■ Given records ■
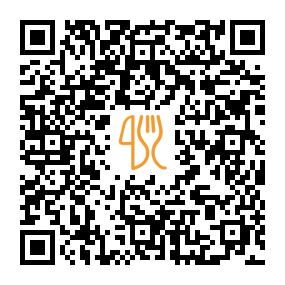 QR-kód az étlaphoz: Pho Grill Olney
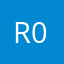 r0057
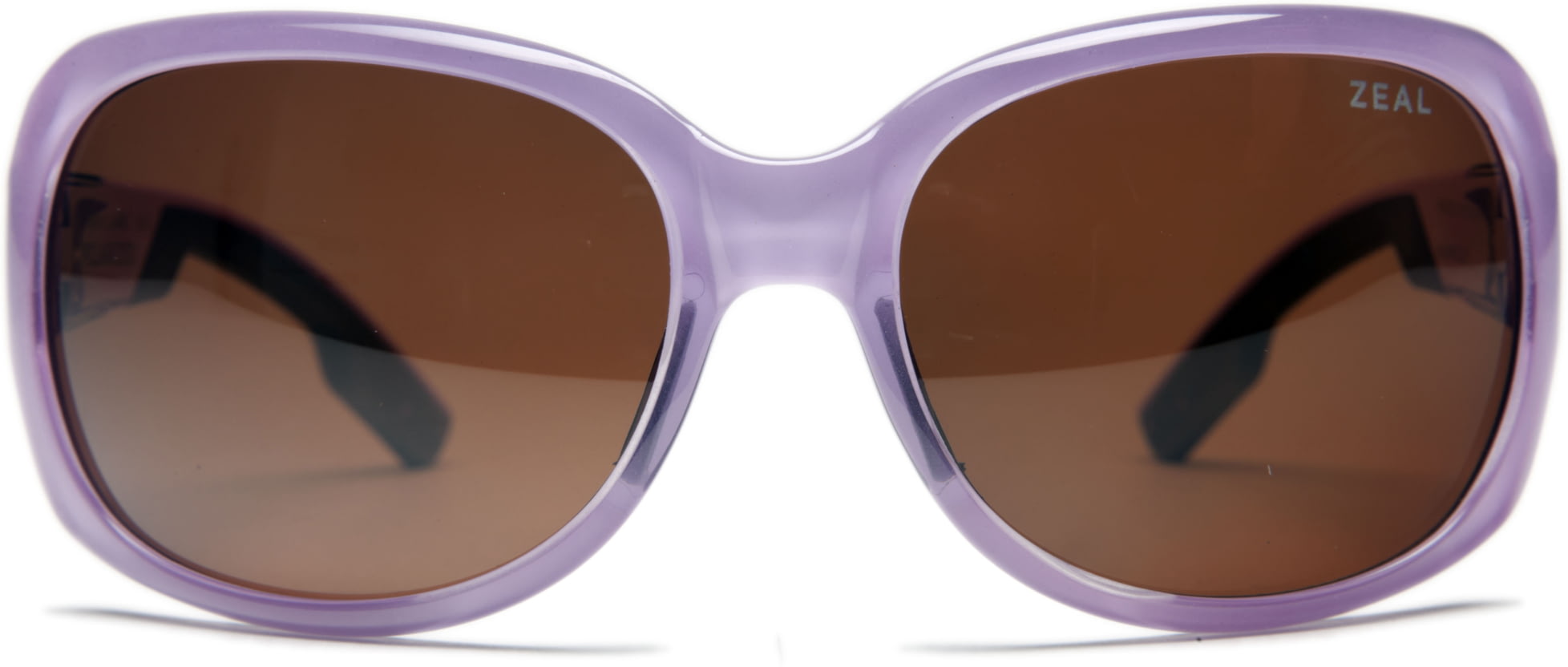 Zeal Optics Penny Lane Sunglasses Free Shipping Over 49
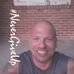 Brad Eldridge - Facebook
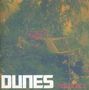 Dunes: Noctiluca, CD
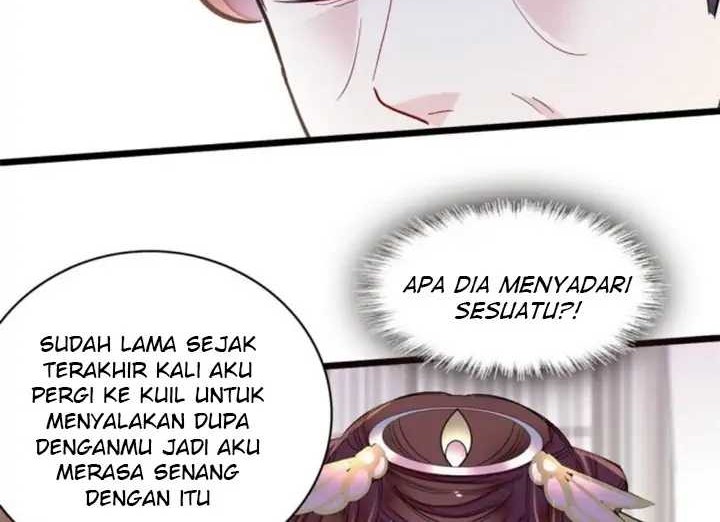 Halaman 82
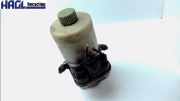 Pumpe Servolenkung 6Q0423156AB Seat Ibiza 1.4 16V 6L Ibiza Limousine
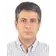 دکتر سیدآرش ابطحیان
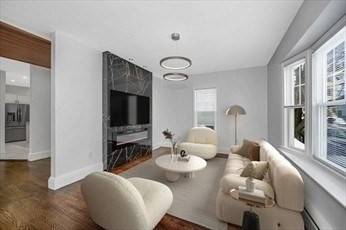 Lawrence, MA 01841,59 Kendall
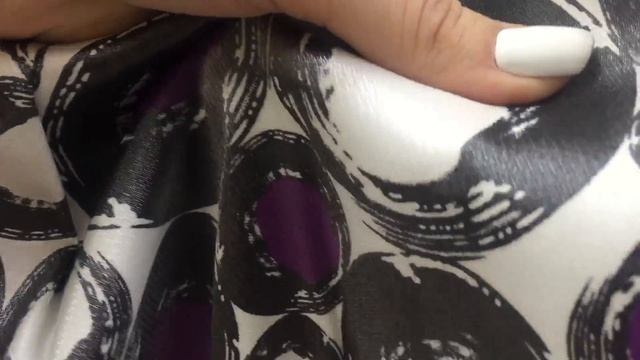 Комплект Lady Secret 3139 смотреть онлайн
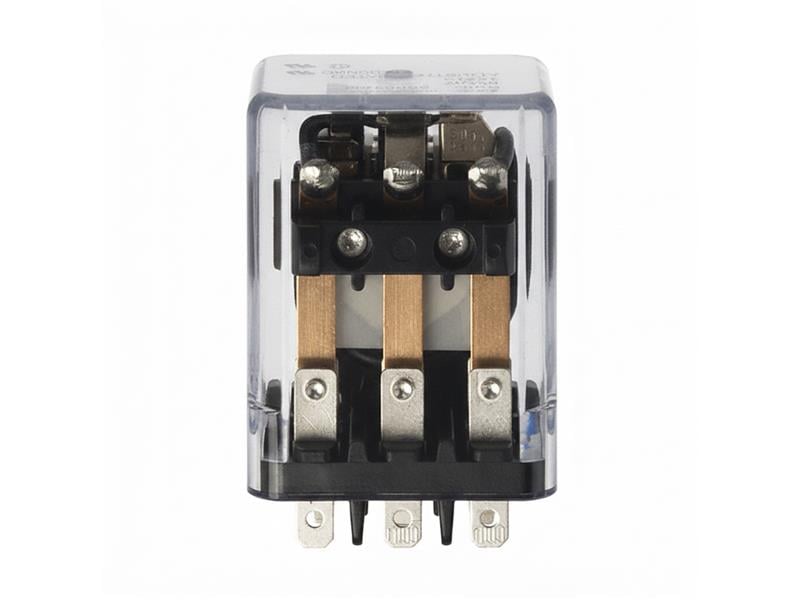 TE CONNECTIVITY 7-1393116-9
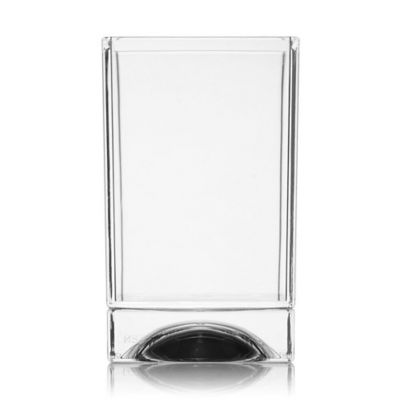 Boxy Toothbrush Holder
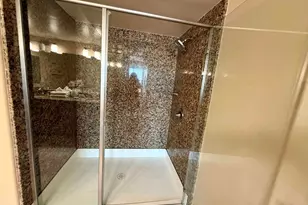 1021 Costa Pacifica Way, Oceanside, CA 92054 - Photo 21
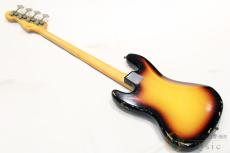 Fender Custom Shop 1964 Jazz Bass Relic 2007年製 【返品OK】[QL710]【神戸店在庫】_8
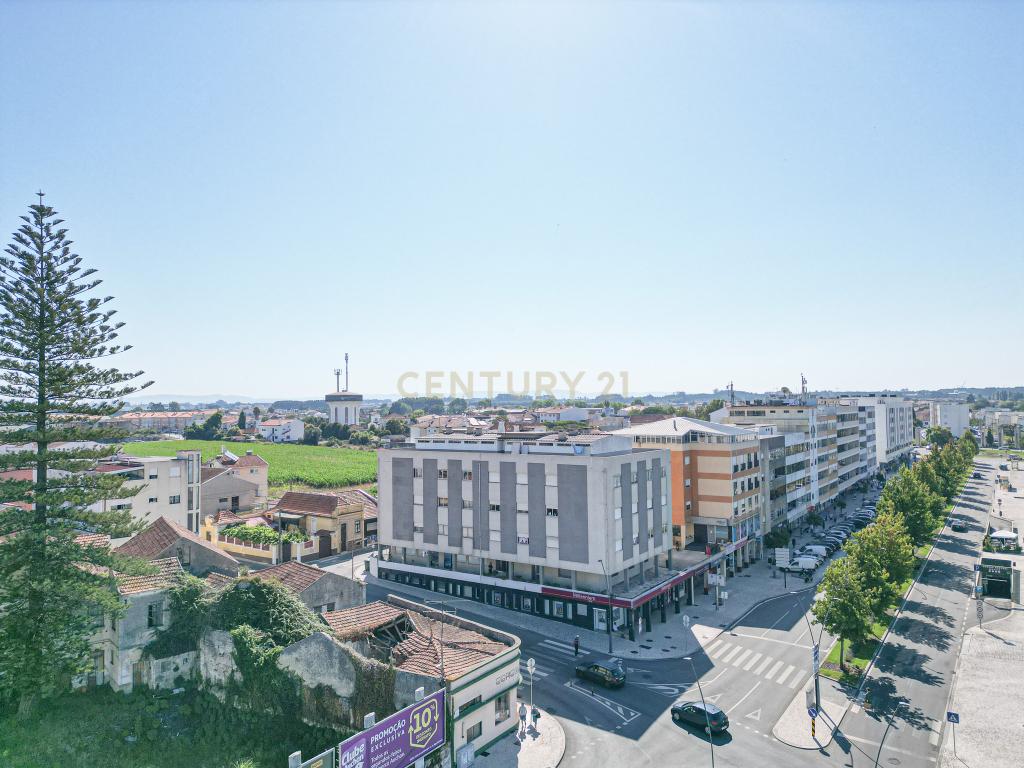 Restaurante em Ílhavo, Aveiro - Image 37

■ Requirement ■
Transcribe the listing exactly; skip the pictures.

■ Reply to the task ■
 QR-kód az étlaphoz: Pho Grill Olney
 r0057
 Zeal Optics Penny Lane Sunglasses Free Shipping Over 49
 Brad Eldridge - Facebook
 Dunes: Noctiluca, CD
 Halaman 82
 Pumpe Servolenkung 6Q0423156AB Seat Ibiza 1.4 16V 6L Ibiza Limousine
 دکتر سیدآرش ابطحیان
 Lawrence, MA 01841,59 Kendall
 Комплект Lady Secret 3139 смотреть онлайн
 TE CONNECTIVITY 7-1393116-9
 Boxy Toothbrush Holder
 1021 Costa Pacifica Way, Oceanside, CA 92054 - Photo 21
 Fender Custom Shop 1964 Jazz Bass Relic 2007年製 【返品OK】[QL710]【神戸店在庫】_8
 Restaurante em Ílhavo, Aveiro - Image 37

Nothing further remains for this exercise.